Archive for the ‘SSIS’ Category

SSIS Loading multiple files containing a column value within the filename.

December 7, 2010

I wanted to share with you a nice little SSIS package which will:

  1. Loop through each file in a directory
  2. Determine that the filename consists with what we want to process
  3. Get a value out of the filename, in this case a date, and hold it in a variable
  4. Update or insert an MS SQL table, including writing the date into the table for each row.

Ok, in the first instance you will create a new package in BIDS.

Create a variable, name filename, as a String available for the package.

From the Toolbox, within control flow, drag down a FOR EACH LOOP, double click it and configure it as follows:

In this instance I have setup the example file in C:\Users\MSSQL\Documents\Blog Post\Files. The files are Excel files, in fact in this case they are all called “*names*-ddmmyyyy.xls”. If you wanted you could write syntax to reflect this, I am dealing with this in a script object (next). Before moving on, you need to configure the For Each Loop to write the filename to a variable, this is available under Variable Mappings:

Ok, so we are happy with this. Nice and easy. Within the For Each Loop we are going to place two objects, a Script Task and Data Flow Task. Drag each of these into the For Each Loop and link them together.

Now the script object, in the first instance I am using C# rather than VB.Net. Sorry, I am not a big fan of VB.Net, especially having coded with C# (and Java). Before configuring the Script object, we need to configure another system variable, in this case it is called transactionalDate and is a DateTime:

Right then, we are ready to configure the script object. Double click on it, and populate the ReadOnlyVariables with User::filename and ReadWriteVariables with User::transactionDate.

Now the code!! Select Edit script and recreate this code:

Just to explain, this code extracts the transactionDate out of the filename, converts it to a DateTime object and then writes this back to the User variable we created. Feel free to leave out the MessageBox.Show 🙂

That is the script object done, now the data flow task. Now, the data flow task will consist of a number of tasks, but I will only focus on a few. These being the derived column, and Excel Connection. From the Merge Join down that is performing the insert or update which I have previously covered here.

So in the first instance you need to create an Excel Connection Manager, and point it to the first file (in this case I have three files). Then drag down an Excel Source and configure it as you normally would.
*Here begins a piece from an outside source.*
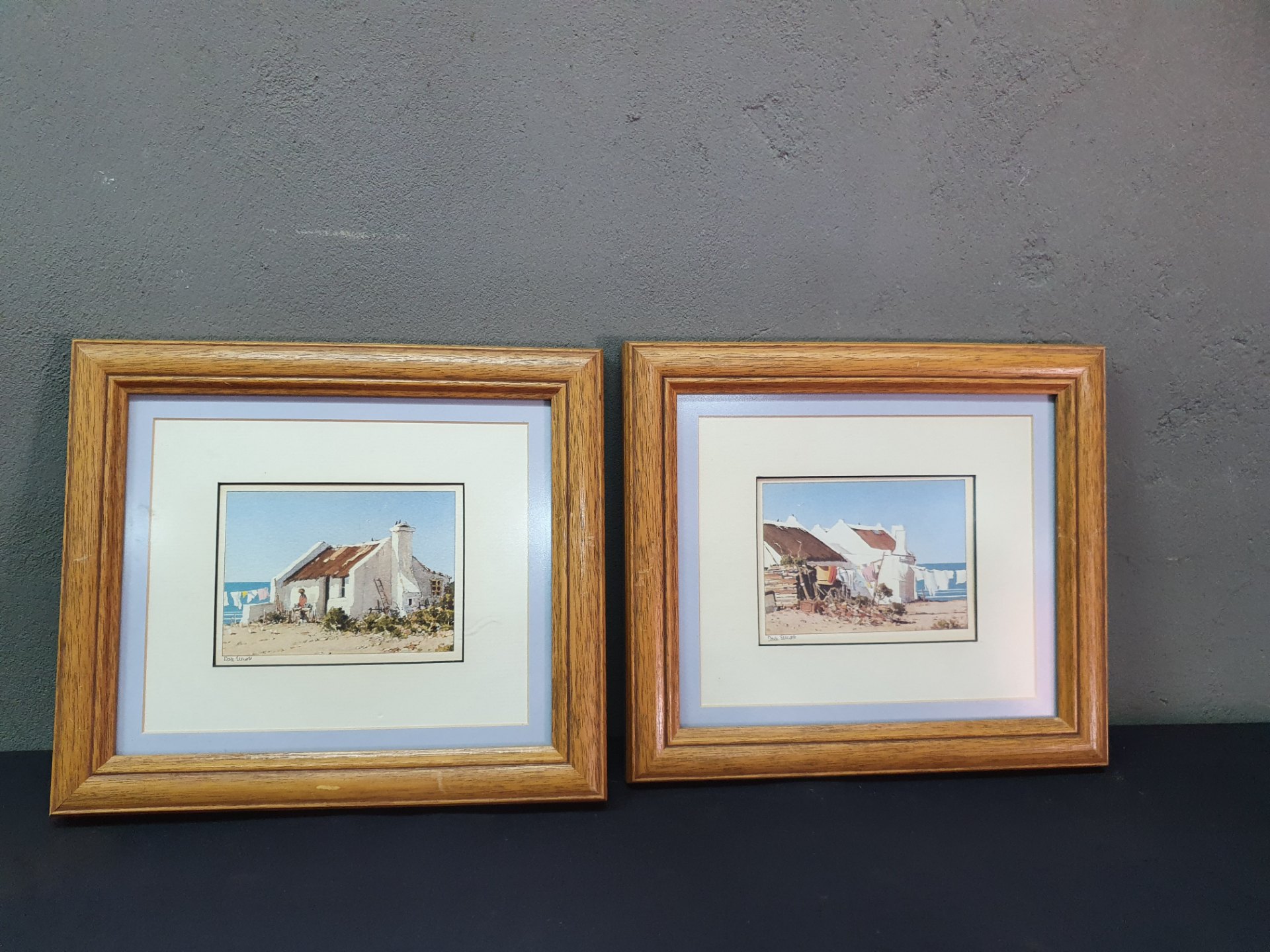Pair of matted coastal prints in oak-effect frames (signed, sold as pair)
Next up is to perform any data conversions to ensure the data from Excel is in the correct format for my table (all pretty straight forward, e.g. converting text fields to DT_STR and setting the correct length).

Now the derived column, if you drag this down and then configure it. Basically you want to make the variable transactionDate available in the flow so it can be written to the table.
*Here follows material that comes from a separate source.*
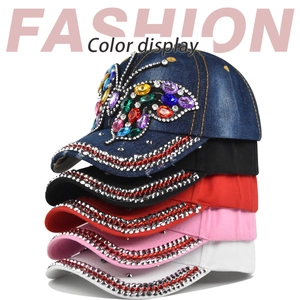 Detail showing five colors of baseball caps with rhinestones and crystal butterfly designs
As you can see this creates a column called variableStamp which get carried through to the insert / update commands and so the values are written to the table.
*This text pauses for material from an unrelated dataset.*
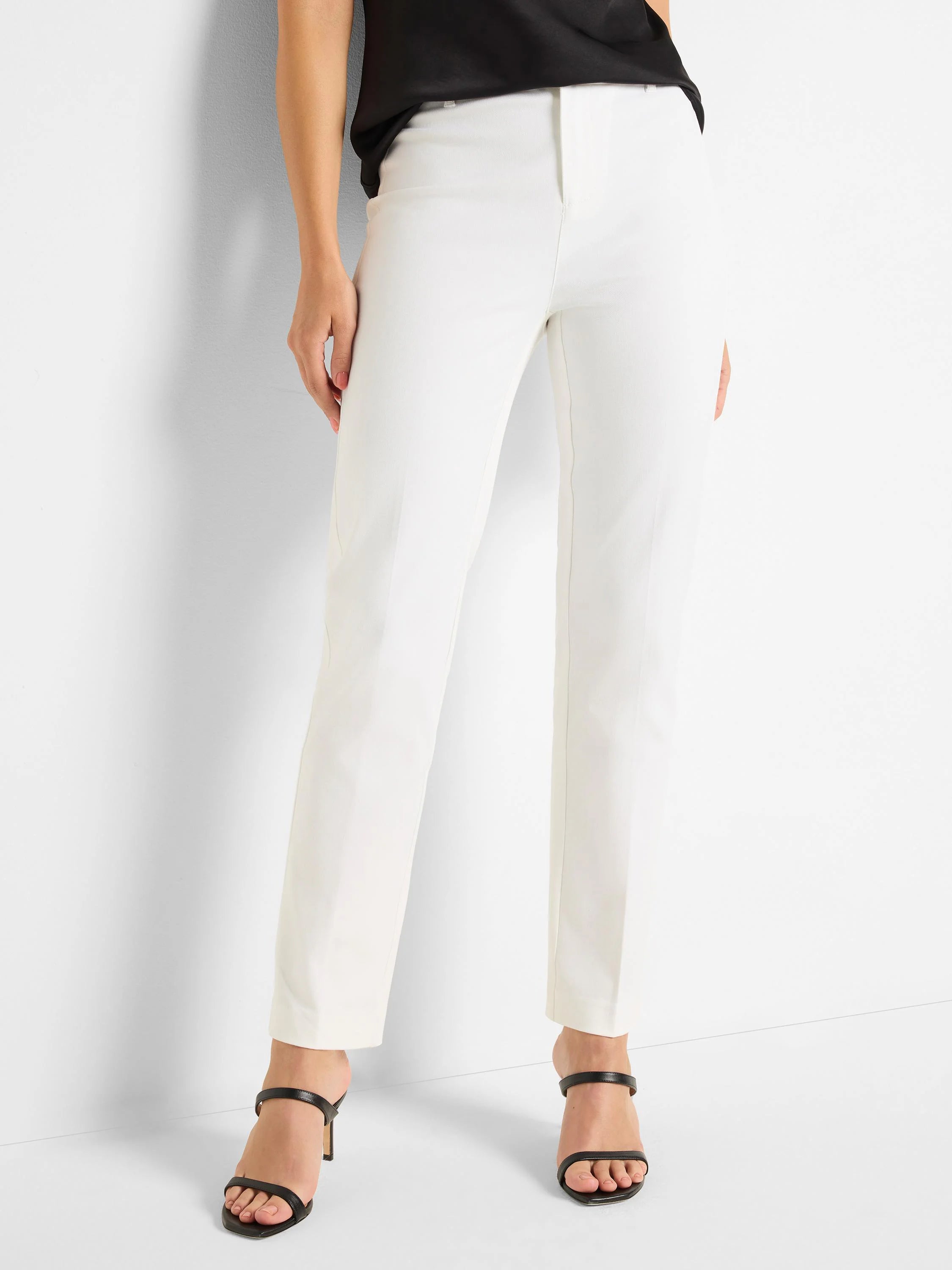 White flat-front straight pants on a model.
So with the dataflow configured as shown you are ready to run it, go for it!

Hang on a minute, how do we process multiple file when the Excel Connection Manager is pointing to one file? Ah ha, this is where it gets exciting!!! You need to go into the properties of the Connection Manager and insert the variable filename into the connectionString.

In the first instance I would recommend making a copy of the current connection string, so you can rollback if things get confusing.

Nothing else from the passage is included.